TASK DESCRIPTION :: The response consists of the lines from the start of the material below through the line holding "Alpine White / Black 2012 BMW X6 M", repeated word for word and without pictures.
%%
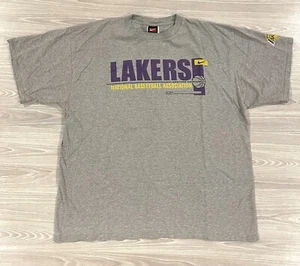 Vintage Nike Los Angeles Lakers T-Shirt Grey Men’s Size Large - Picture 1 of 8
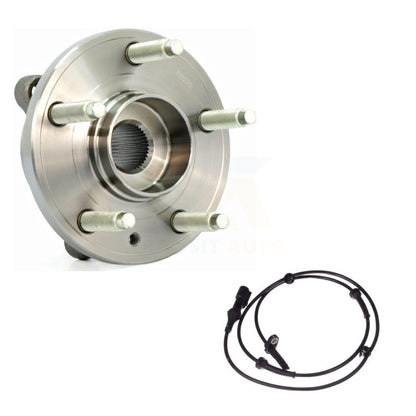 Wheel Hub Bearing And ABS Sensor Front Kit For Ford Taurus Flex Lincoln MKS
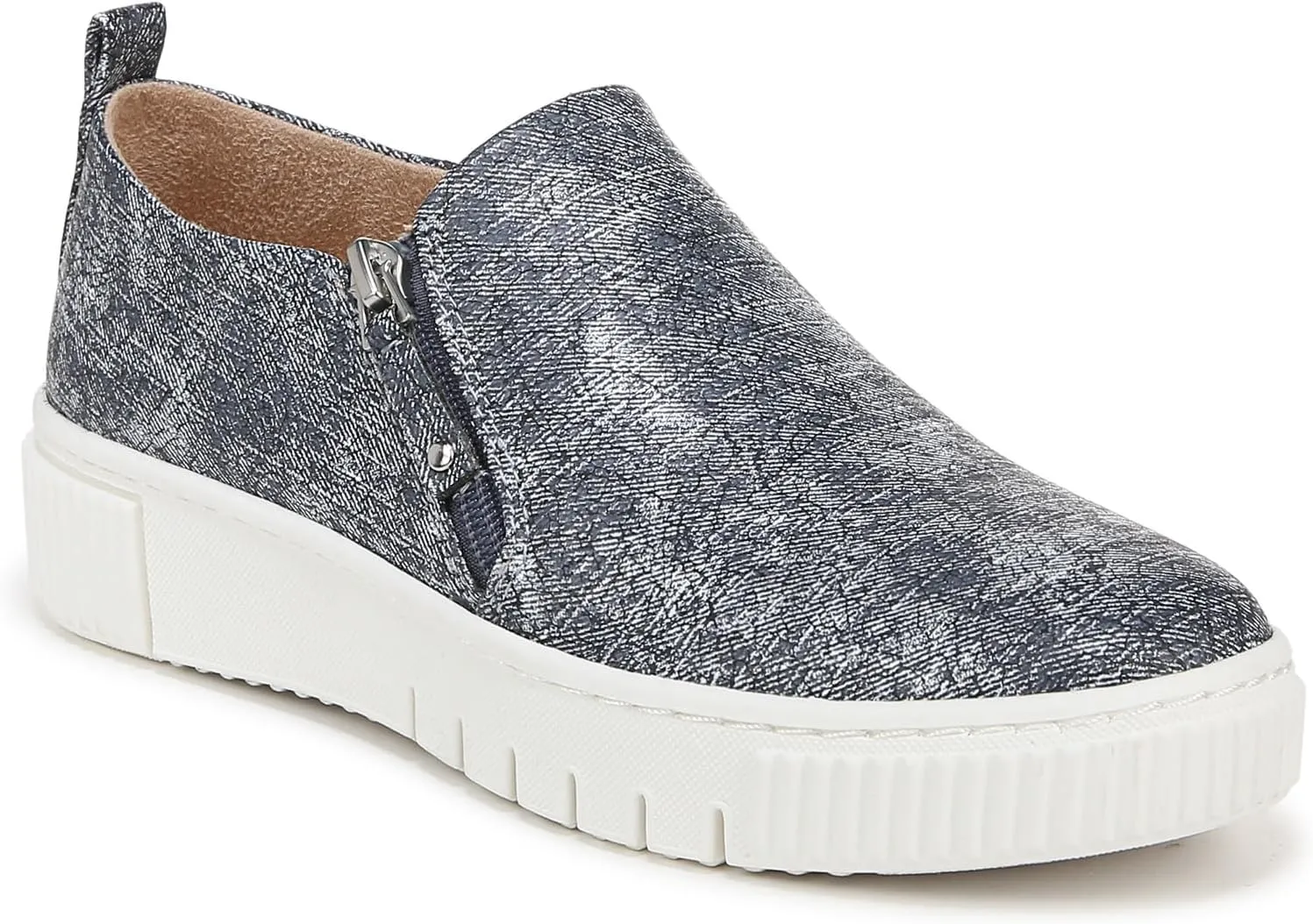 Naturalizer Soul Womens Turner Zipper Slip-On Sneakers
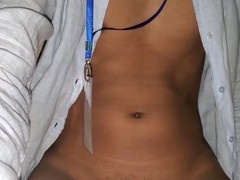 Naughty Asian boy Pu Joy puts on a show for guys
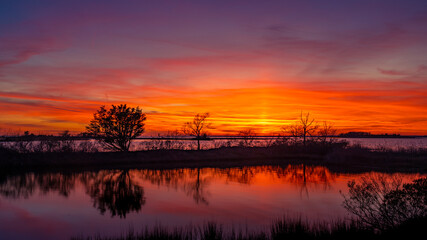 Red Assateague Sunset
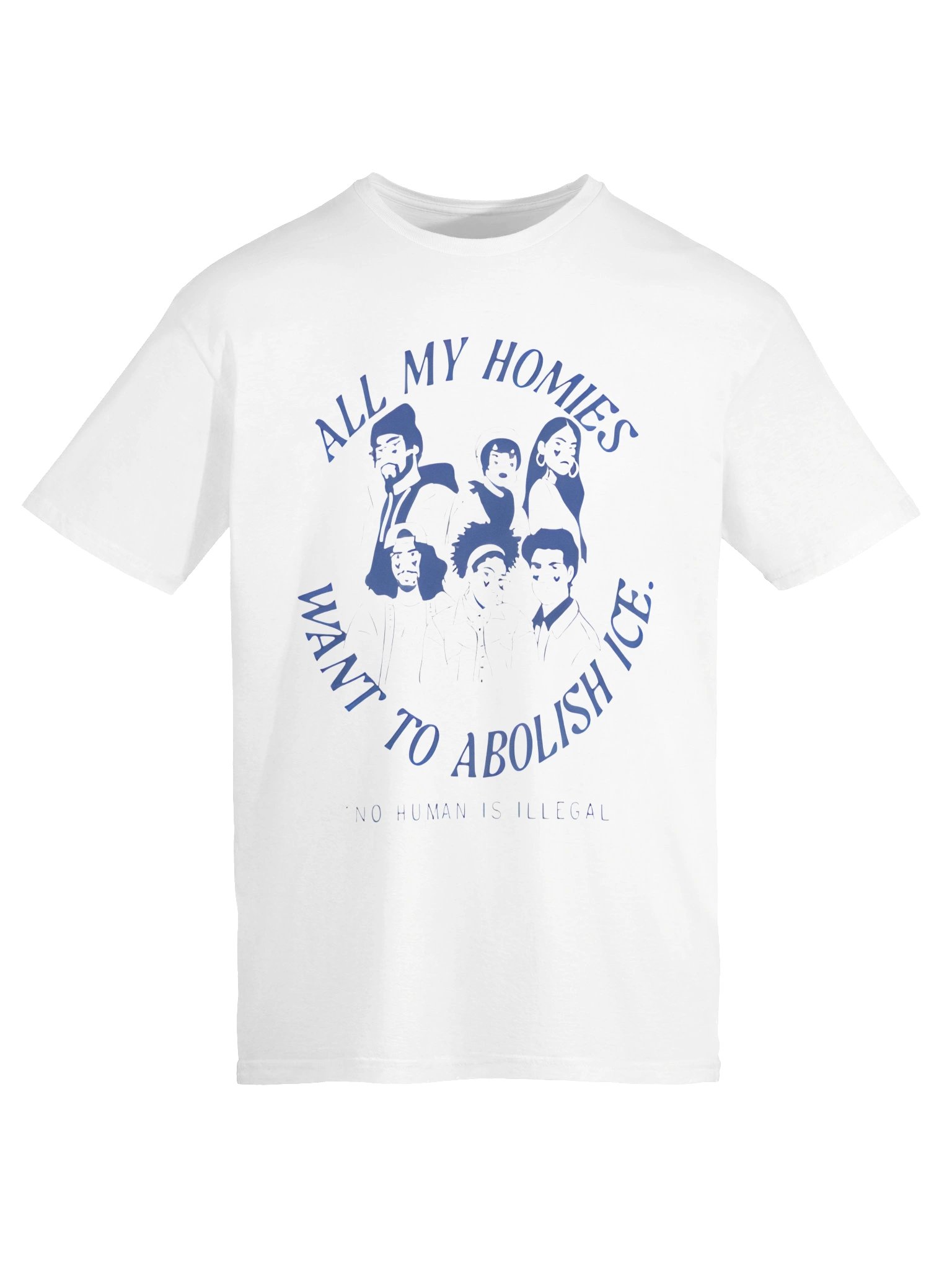 All My Homies Want To Abolish Ice No Human Is Illegal Shirt product image (6)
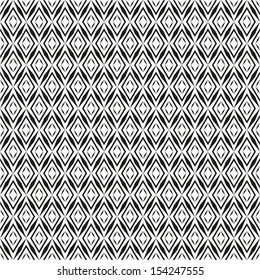 Abstract geometric pattern. Seamless vector background. Black texture.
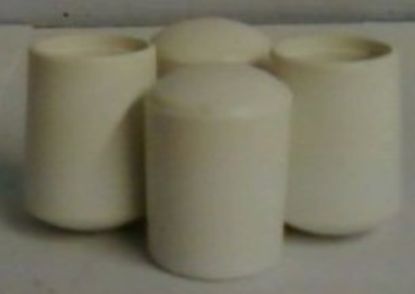 Picture of 3/4" White Vinyl Tip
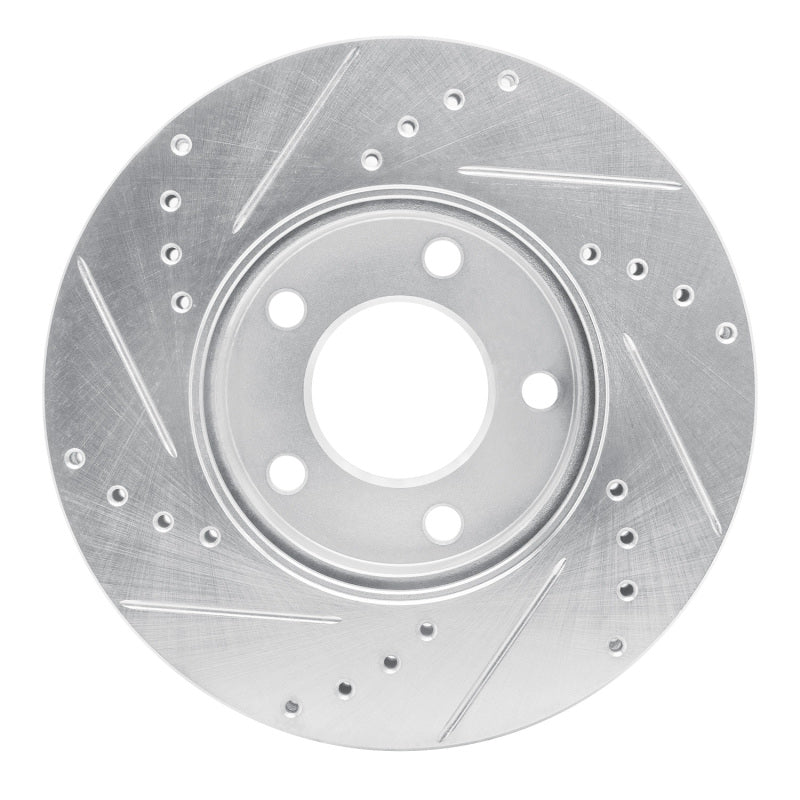 R1 01-07 Ford Escape Front Right Drilled & Slotted Silver Brake Rotor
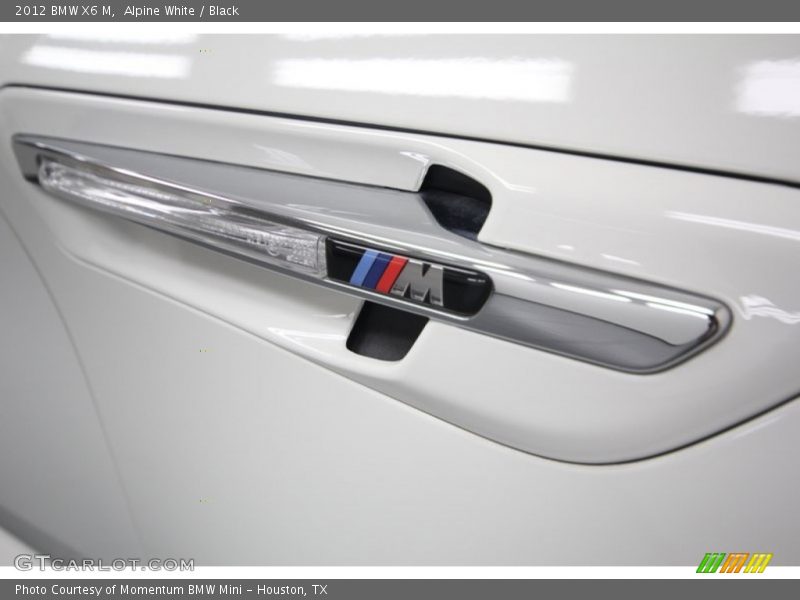 Alpine White / Black 2012 BMW X6 M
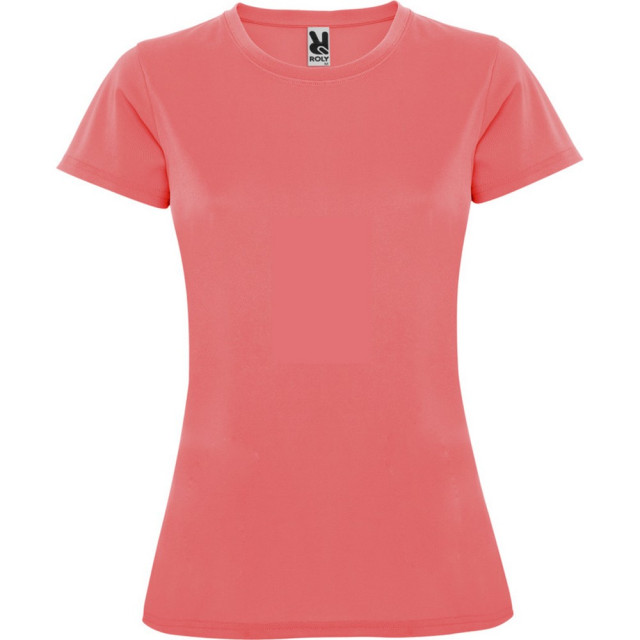Roly Dames montecarlo sport t-shirt met korte mouwen UTPF4302_fluorescentcoral large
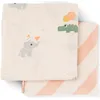 Image de Lot de 2 langes Celebration Rose (65x65 cm)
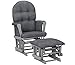 Angel Line Windsor Glider and Ottoman Cushion, Grey/Dark Grey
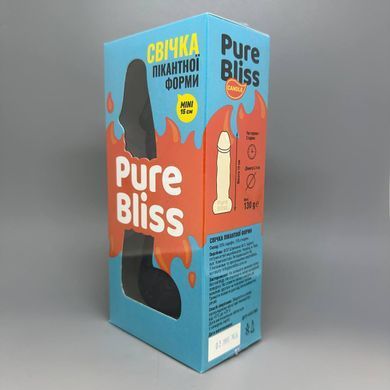 Свічка у формі члена для оригінального подарунка та вечірки Pure Bliss MINI Black чорна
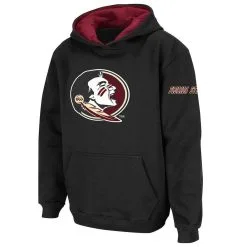 Colosseum Youth Stadium Athletic Black Florida State Seminoles Big Logo Pullover Hoodie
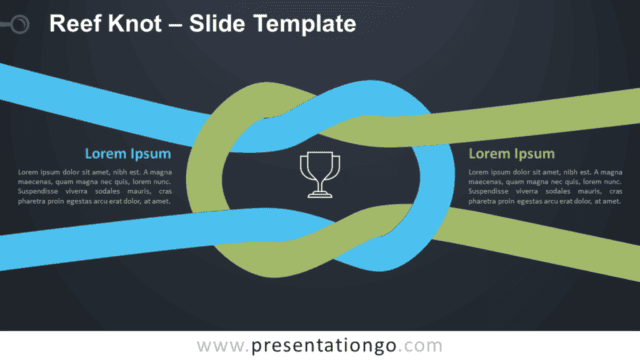 Reef Knot Infographic for PowerPoint and Google Slides Free Reef Knot Infographic for PowerPoint and Google Slides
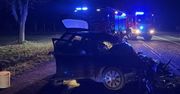 Kolonia Siedliszczki: Czołowe zderzenie audi i autokaru. Kierujący osobówką zginął na miejscu
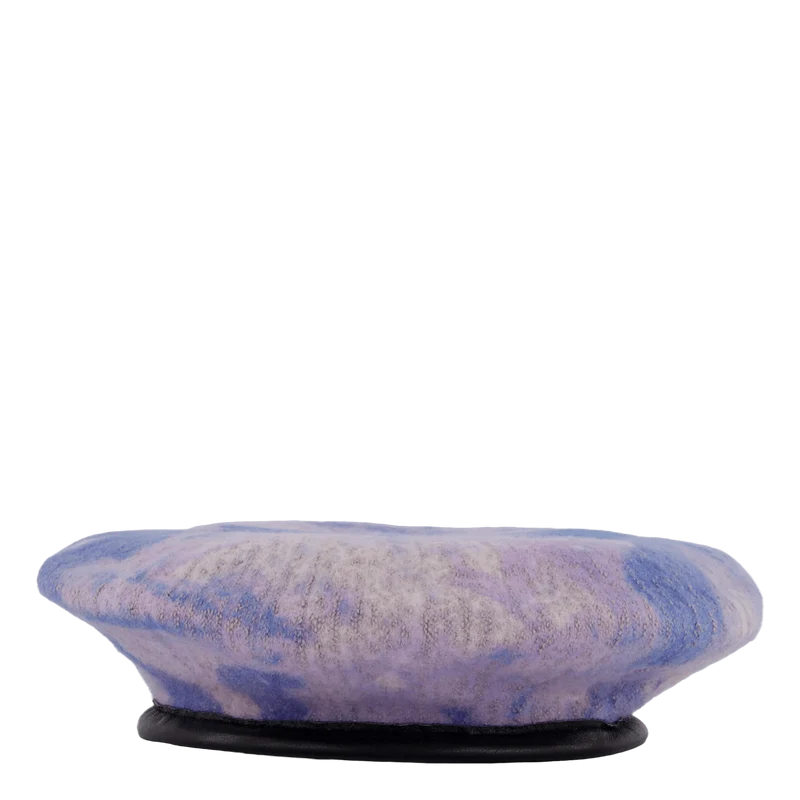Kg Heathered Tie Dye Beret Gs401 Glacier-starry Blue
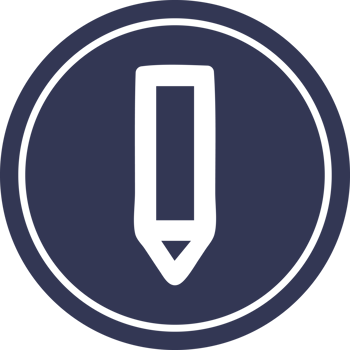 simple pencil circular icon symbol png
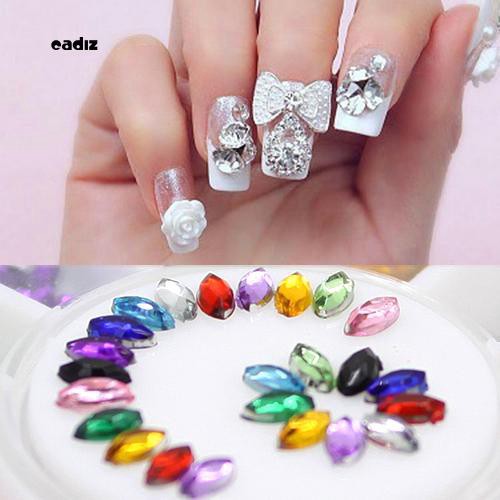 Hộp sequin lấp lánh nhiều màu dùng để trang trí móng nghệ thuật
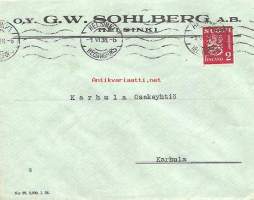 G.W.Sohlberg Oy   1.6.1938    firmakuori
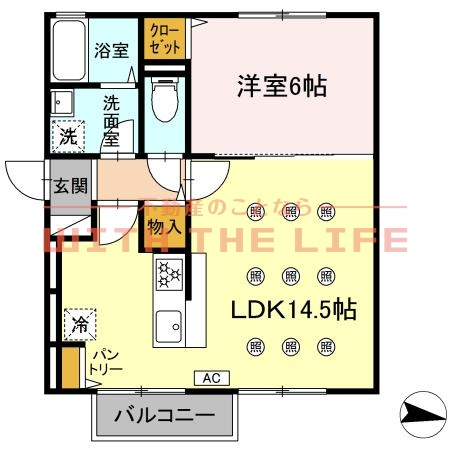 アネックスM（アネックスエム）【キャッシュバック対象物件】の間取り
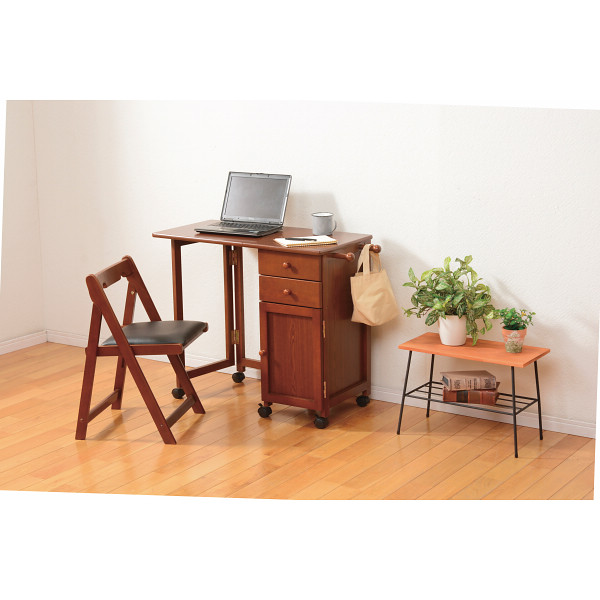 折りたたみデスク ブラウンのサムネイル画像2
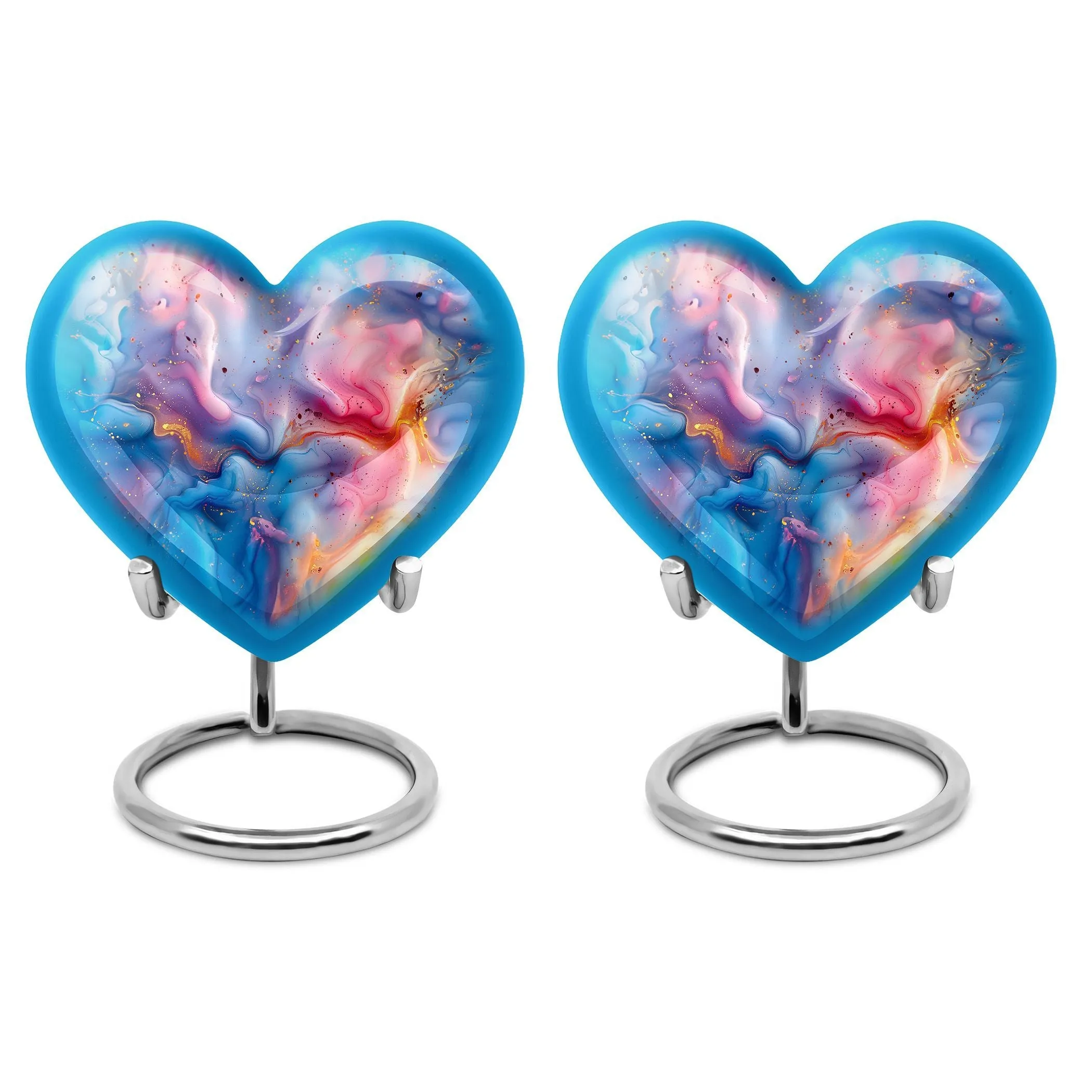 Colourful Swirl Urn - Adornment for Dignified Memorial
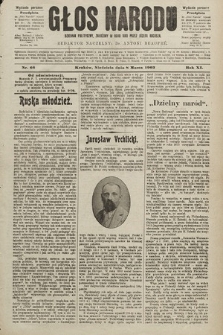 Głos Narodu : dziennik polityczny, założony w roku 1893 przez Józefa Rogosza (wydanie poranne). 1903, nr 66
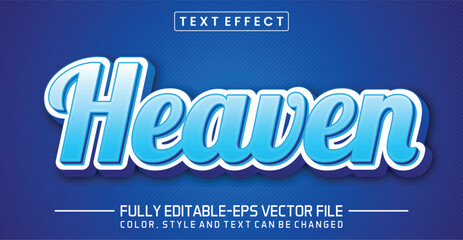 Heaven font Text effect editable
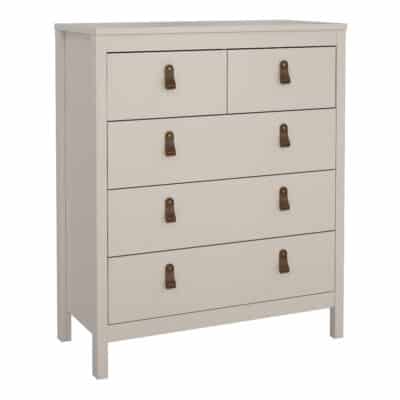 Furniture To Go Barcelona 5 drawer chest cashmere
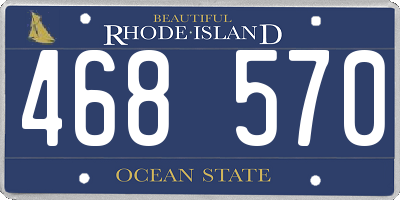 RI license plate 468570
%%
ANSWER SPACE ::
 Vintage Nike Los Angeles Lakers T-Shirt Grey Men’s Size Large - Picture 1 of 8
 Wheel Hub Bearing And ABS Sensor Front Kit For Ford Taurus Flex Lincoln MKS
 Naturalizer Soul Womens Turner Zipper Slip-On Sneakers
 Naughty Asian boy Pu Joy puts on a show for guys
 Red Assateague Sunset
 All My Homies Want To Abolish Ice No Human Is Illegal Shirt product image (6)
 Abstract geometric pattern. Seamless vector background. Black texture.
 Picture of 3/4" White Vinyl Tip
 R1 01-07 Ford Escape Front Right Drilled & Slotted Silver Brake Rotor
 Alpine White / Black 2012 BMW X6 M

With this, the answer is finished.